More or less, yes. Encodings to be used by HTML, CSS, browser
implementations of XML, etc. As I explained before on this mailing list
http://mail.apps.ietf.org/ietf/charsets/msg02027.html the idea is to:
* Make the encodings that can be supported a finite list
* Carefully define the labels for these encodings
* Carefully define the algorithms to implement these encodings
** Including error and end-of-file handling
* Carefully define the indexes for these encodings, including any poorly
documented extensions
The idea is to make the web platform completely predictable with respect
to encodings rather than the morass it is now. This should help existing
implementations compete more effectively as well as help new
implementations enter the market more easily without significant reverse
engineering costs.
> I was surprised by some of the choices of "permissible," such as
> including ibm864 and ibm866 but none of the other, much more widespread,
> legacy OEM code pages. I was also puzzled by the reference to utf-16 and
> utf-16be as "legacy" encodings.
I'm not quite sure if ibm864 and ibm866 should stay, they are not
universally supported but four out of five user agents have them if I
remember correctly. The list of encodings is based roughly on the
intersection of what browsers support. If I missed an encoding that is
actually "widely" used on pages it would be good to add it of course.

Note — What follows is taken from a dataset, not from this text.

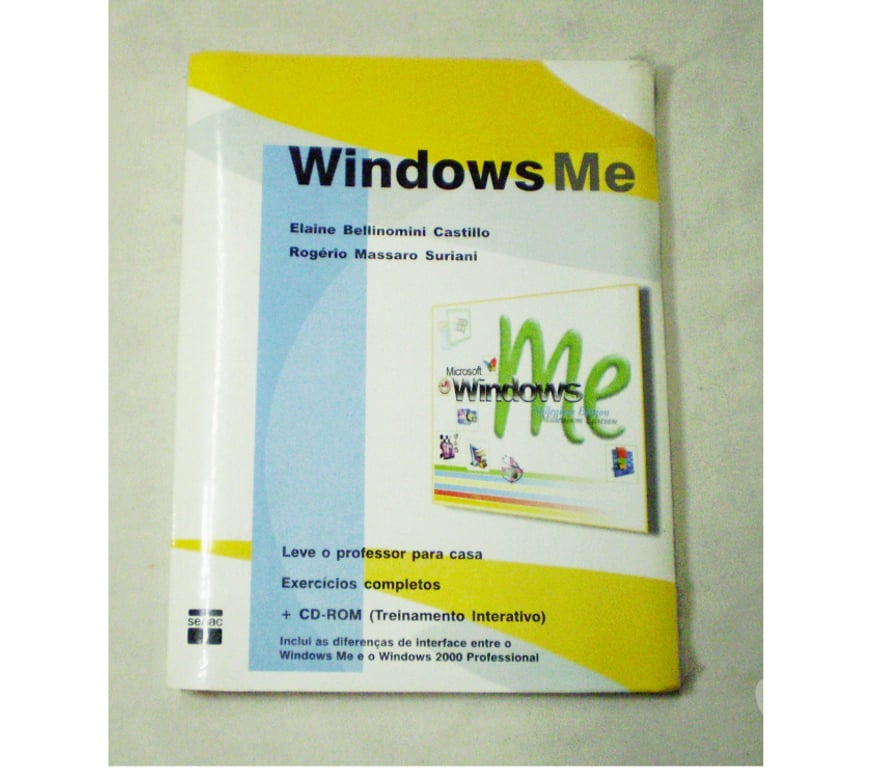 DVDs a Venda Porto Alegre RS Porto Alegre Sul - Fotos para Apostilas antigas de informática.- Cód. 434 -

My
assumption has been that if only one browser supports the encoding it is
probably not or not widely used.
I classified utf-16 as legacy because of its many gotchas and because most
web technology works entirely with utf-8 or does not work with utf-16.
E.g. form submission does not do utf-16, XMLHttpRequest only sends utf-8
encoded strings, several new formats are utf-8 only.
--
Anne van Kesteren
http://annevankesteren.nl/